Think & Speak — Teacher Workshop Technical Deep-Dive

Think & Speak

Technical Architecture & Core Features Workshop

A deep-dive into how our AI-powered English learning platform delivers real-time translation, phoneme-level feedback, and personalized learning paths — all in a single, integrated ecosystem.
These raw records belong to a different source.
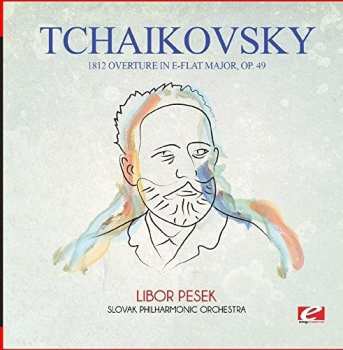 CD Pyotr Ilyich Tchaikovsky: 1812 Overture In E-flat Major Op. 49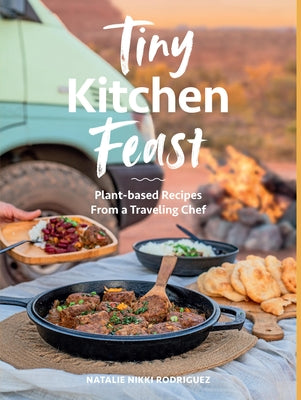 Tiny Kitchen Feast: Plant-Based Recipes from a Traveling Chef by Rodriguez, Natalie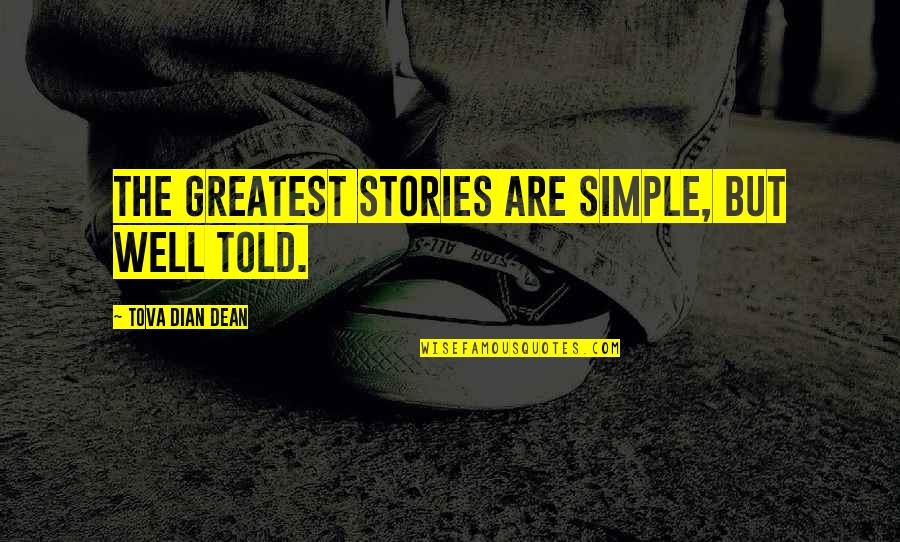 Carefirst Quote Quotes By Tova Dian Dean: The greatest stories are simple, but well told.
React + TypeScript Next.js Azure Speech SDK WebSocket Redux Ant Design

1 Technology Stack & Foundation

⚛️ Core Framework

Next.js + React + TypeScript frontend with server-side rendering. Redux state management for application-wide data consistency. Ant Design component library providing accessible, consistent UI elements across all modules.

🎨 CSS Modules Strategy

All styles use .module.scss files generating unique hashed class names — preventing any style leakage between Dashboard, Course Adventure, Vocabulary Builder, Live Translation, and Assessment modules. Each component is self-contained and portable.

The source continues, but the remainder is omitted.